The top 4 privacy solutions destroy data value and fail to meet regulatory standards.

Businesses are becoming increasingly reliant on data to make decisions and learn about the market. Yet, due to an increase in regulations, the information they have collected is becoming less and less useful. While people have been quick to blame privacy laws, in reality, the biggest impediment to analytics and data science are insufficient data privacy solutions.

From our market research, the top four things people are doing are (1) access controls, (2) masking, (3) encryption, and (4) tokenization. While these solutions are a step in the right direction, they wipe the data of its value and leave businesses open to regulatory penalties and reputational damage.

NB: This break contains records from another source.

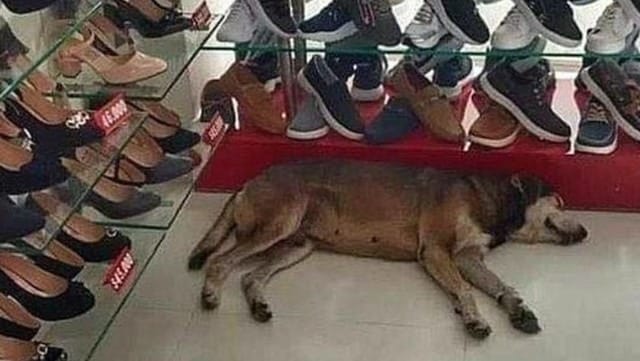 El dueño de una zapatería le dio refugio a un perro callejero, a pesar de las quejas de las clientas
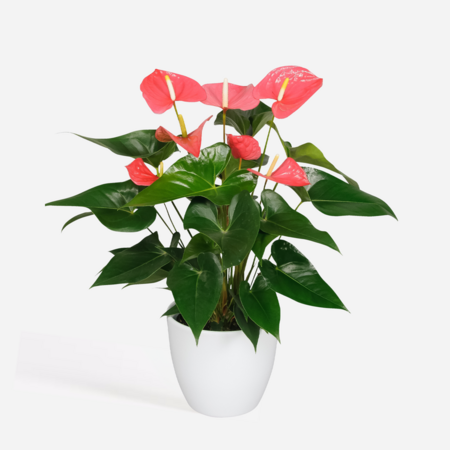 Flamingoplant - Anthurium 'Maine Pink' - Hoogte 55-70cm - ø17cm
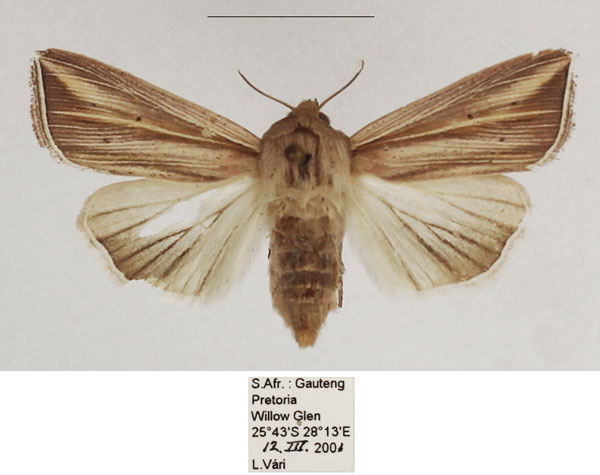 /filer/webapps/moths/media/images/T/tincta_Mythimna_AF_TMSA_02.jpg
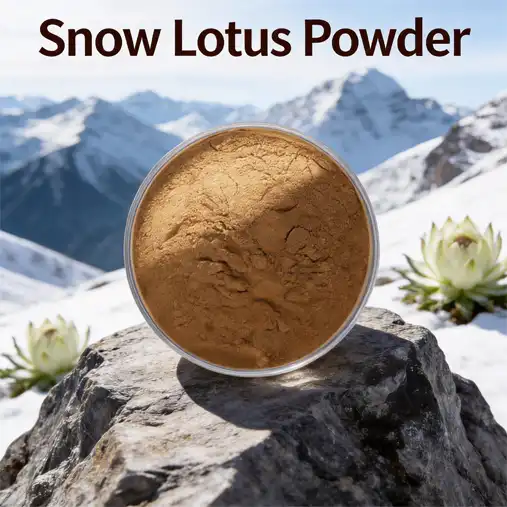 Snow Lotus Powder Benefits for Food and Nutraceutical Brands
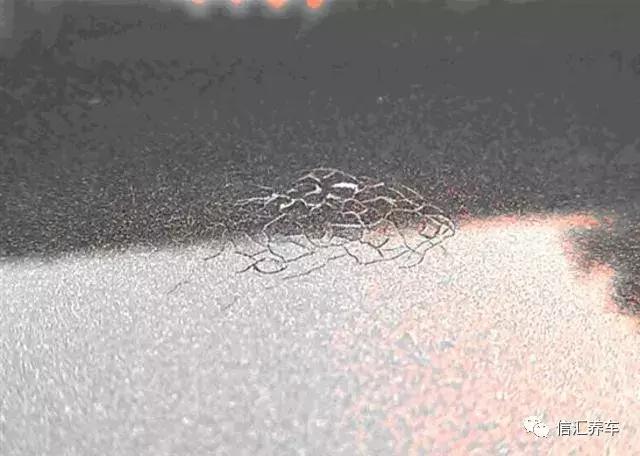 树油、虫尸、酸雨、紫外线……算个球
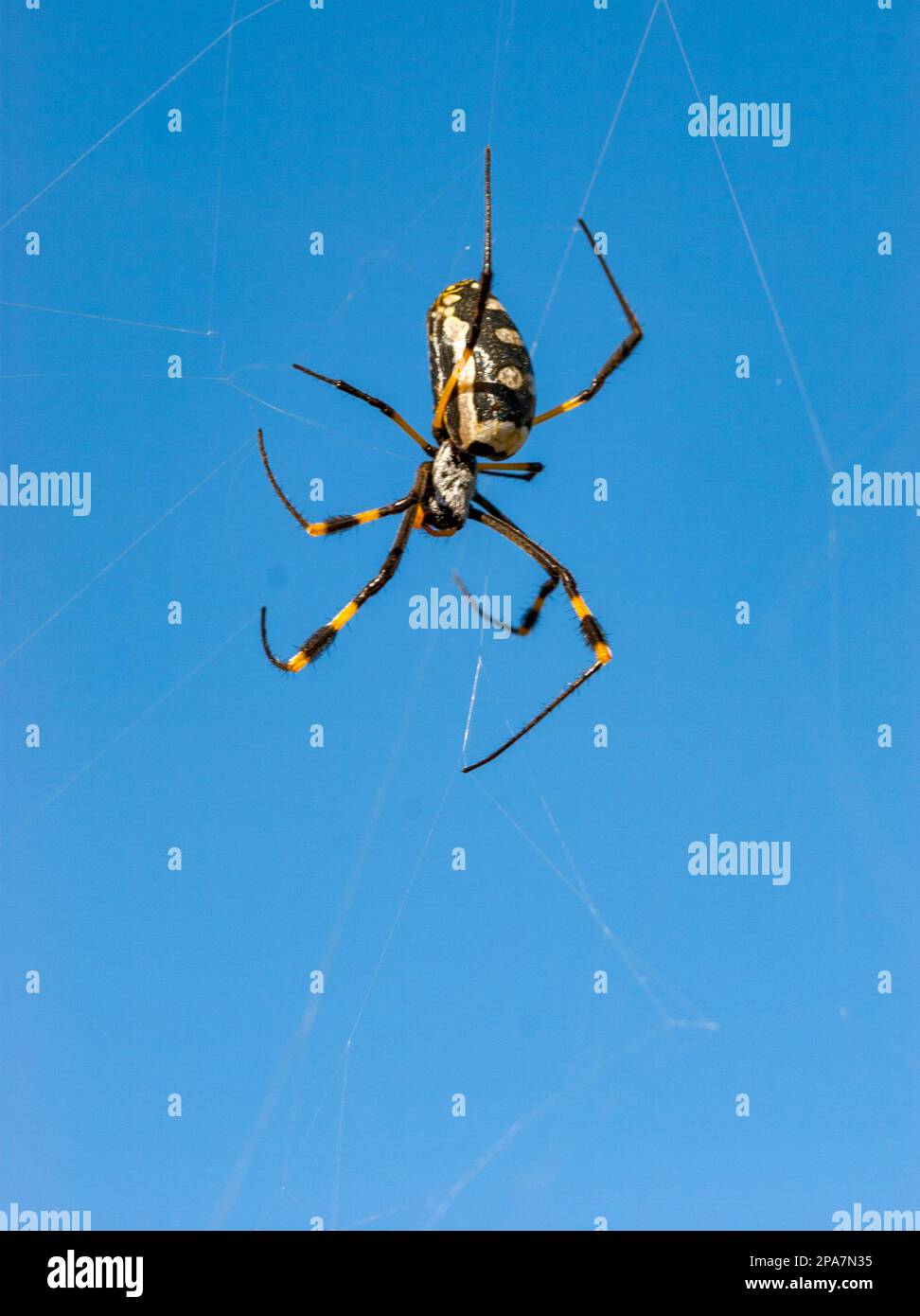 Golden orb web spider Nephila senegalensis at Madikwe National Park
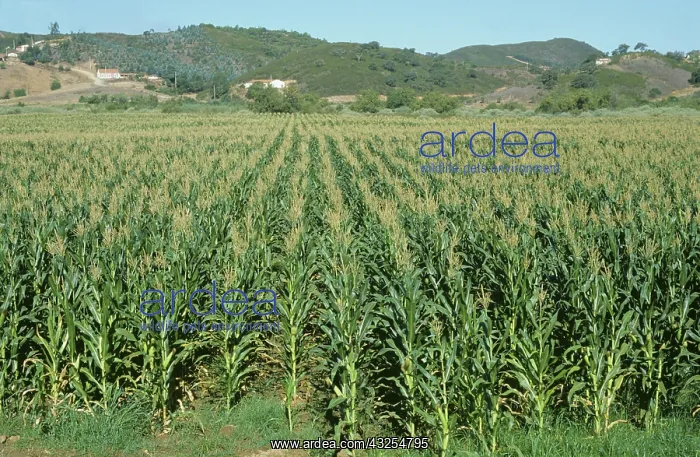 : Maize crop, Algarve, Portugal : Maize crop, Algarve, Portugal
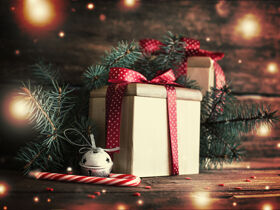 Weihnachten an der Mecklenburgischen Seenplatte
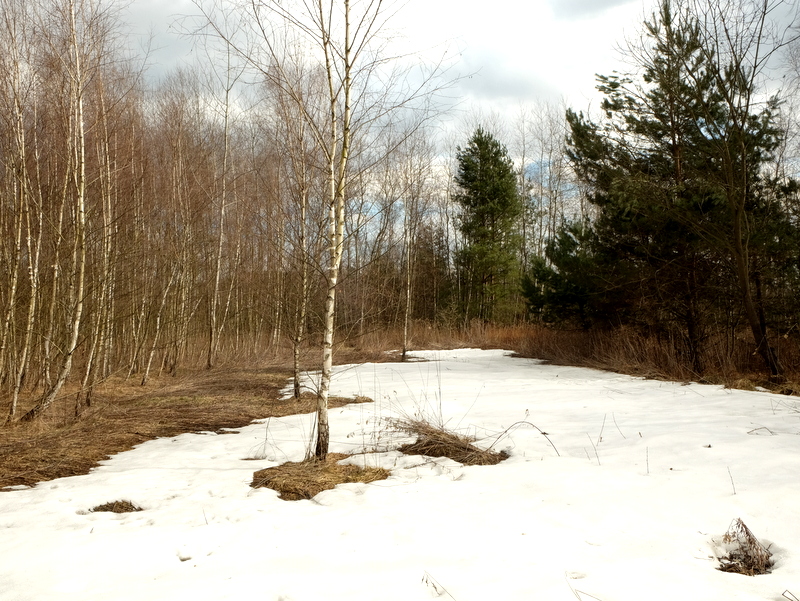 Płaty śniegu w lesie brzozowym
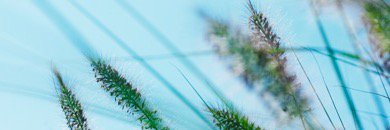 MJong100's profile banner image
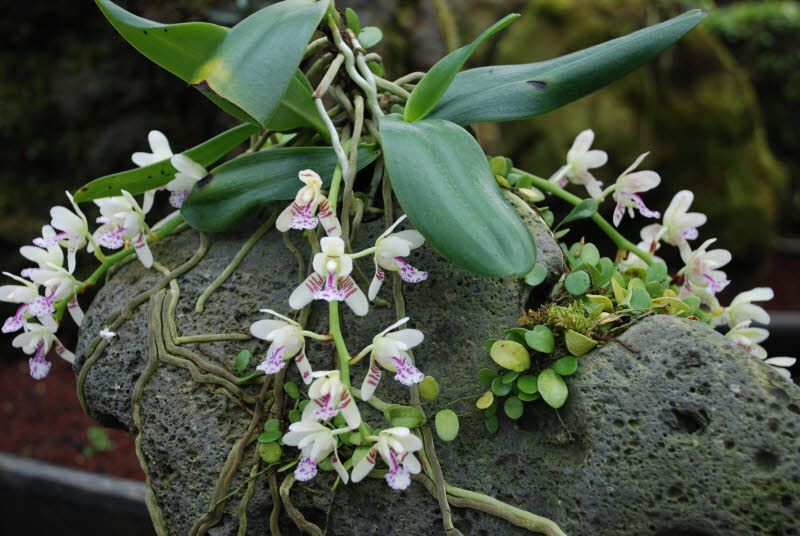why hydroponics for orchids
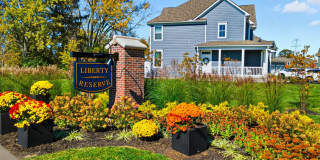 Liberty Reserve Gallery 35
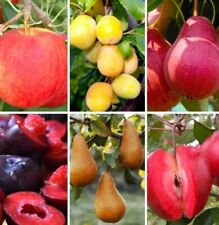 Mini hardy orchard for sale  ROCHESTER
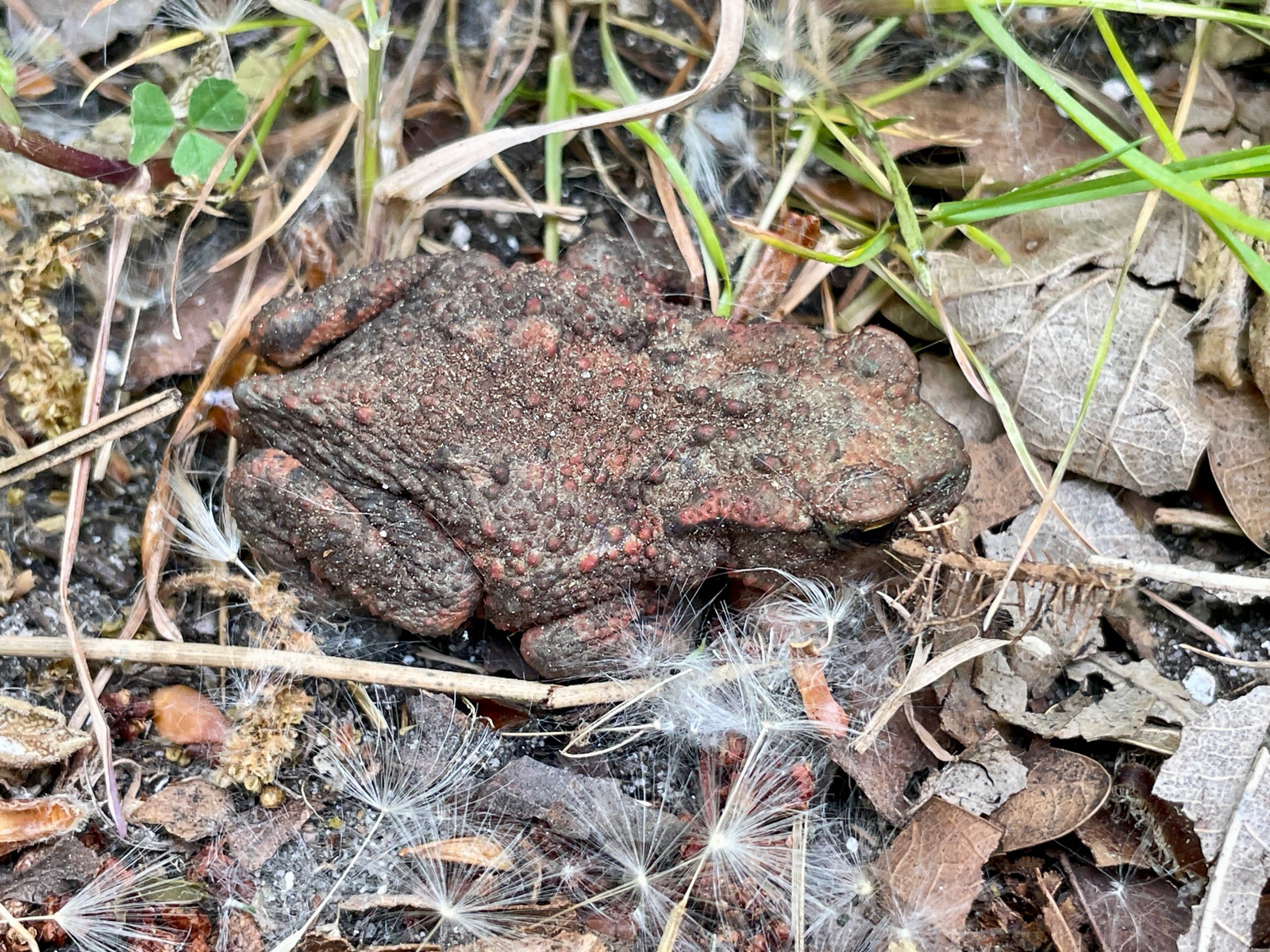 Common Toad, Zwanenwater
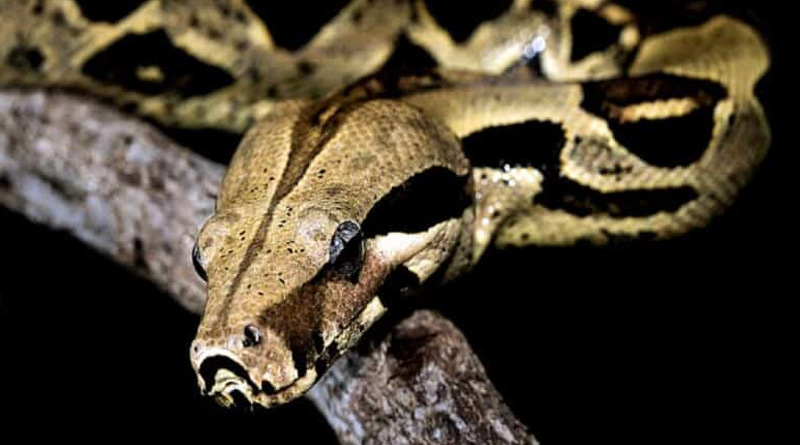 Python crawling around in a graveyard Quadri Chaman graveyard of Hyderabad | Sangbad Pratidin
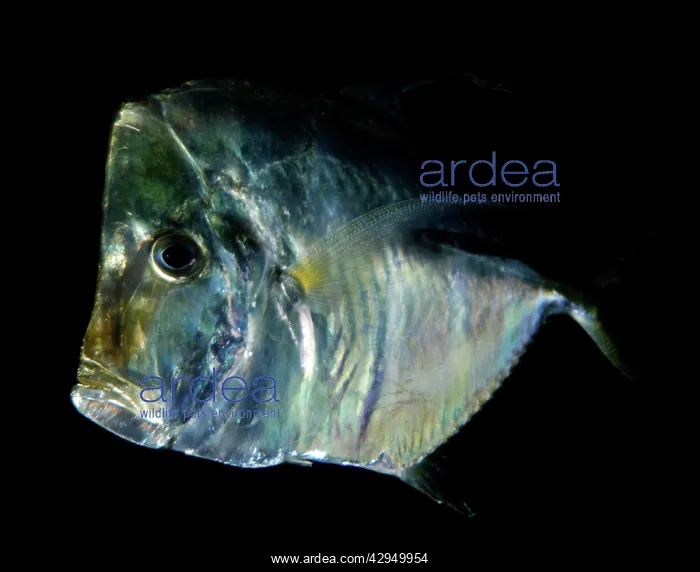 : Lookdown - coastal waters : Lookdown - coastal waters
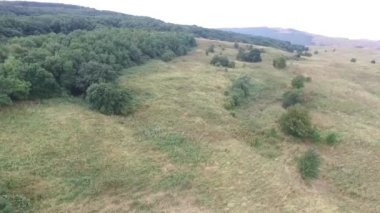 Havadan görünümü. Güzel dağ ve güzel orman üzerinde uçan. Hava kamera çekim. Rusya, Stavropol, dağ Strizhament.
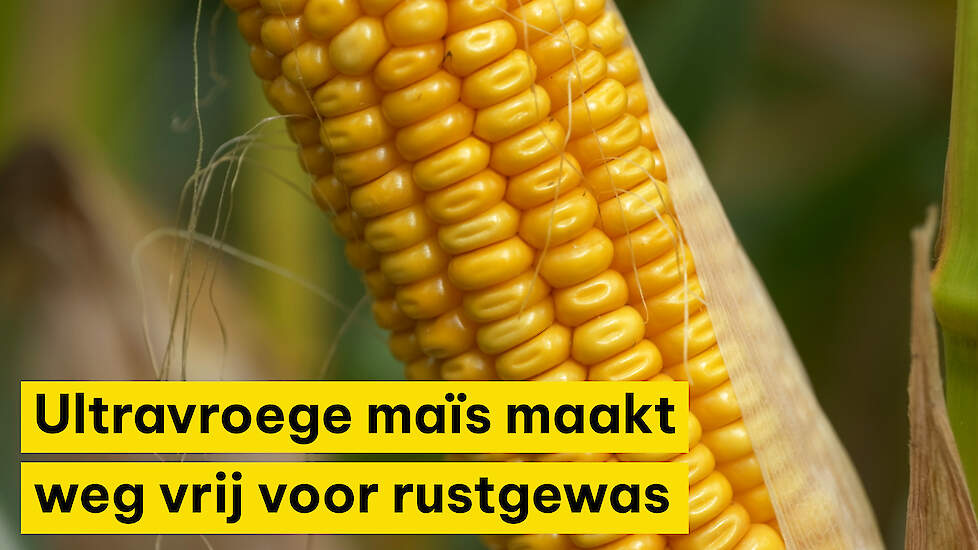 Ultravroege maïs maakt weg vrij voor rustgewas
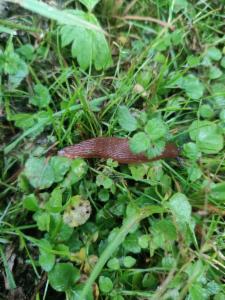 Click to view this image in a large viewer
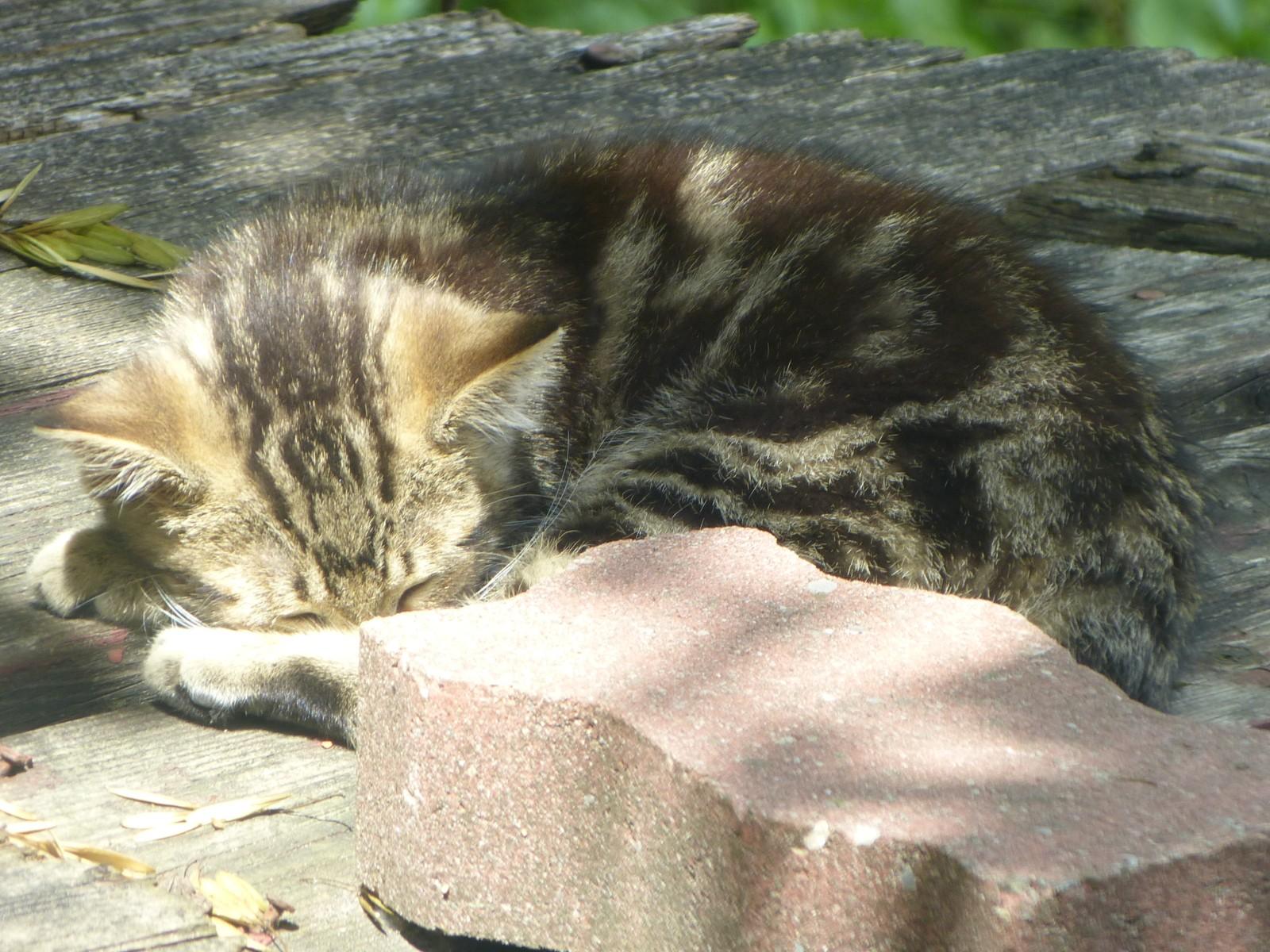 a grey-brown tabby kitten is curled up asleep behind a paving brick on a beat-up wooden deck. Its eyes are closed and half-hidden behind its front paw. It's not that much bigger than the brick it is snoozing behind.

Your data privacy solutions are insufficient

Access controls: Access controls limit who can access data. While important, they are just not an effective privacy-preserving strategy because the controls do not protect the identity of the individuals or prevent their data from being used for purposes they have not consented to. It is a an all-or-nothing approach, whereby someone has access to the data, and privacy is not protected, or not, in which case, no insights can be gleaned at all.

Masking: This is a process by which sensitive information is replaced with synthetic data. In doing so, the analytical value is wiped. While this solution works for testing, it is not an advantageous solution if you are planning to provide the data to data scientists. After all, you are sending them this data to unlock valuable insights!

Encryption: Encryption is a security mechanism that protects data until it is used. At which point, the data is decrypted, exposing the private data to the user. Additionally, the concern with encryption, is that if someone accesses the key, they can reverse the entire process (decryption), putting the data at risk.

Tokenization: Tokenization, also known as pseudonymization, is the process of encoding direct identifiers, like email addresses, into another value (token) and keeping the original mapping of token stored somewhere for relinking in the future. When businesses employ this technique, they leave the indirect identifiers (quasi-identifiers) as they are. Yet, combinations of quasi-identifiers are a proven method to re-identify individuals in a dataset. 

Such a risk emphasizes the importance of understanding the re-identification risk of a dataset when comparing the effects of your organizations’ privacy protection actions. Moreover, this process is often reversed to perform analysis -violating the very principle of the process. The most important question to ask yourself is how do I know my datasets have been anonymized? If you only implement tokenization, the answer is you don’t.


Risk-aware anonymization will unlock the value of your data.

To unlock the value of your datasets in the regulatory era, businesses should implement privacy techniques. And many have! However, as we’ve discussed, the commonly used techniques are insufficient to preserve analytical value and protect your organization. The only way data will be useful to your data scientists is if you transform the data in such a way that the privacy elements enabling re-identification are removed while degrading the data as little as possible.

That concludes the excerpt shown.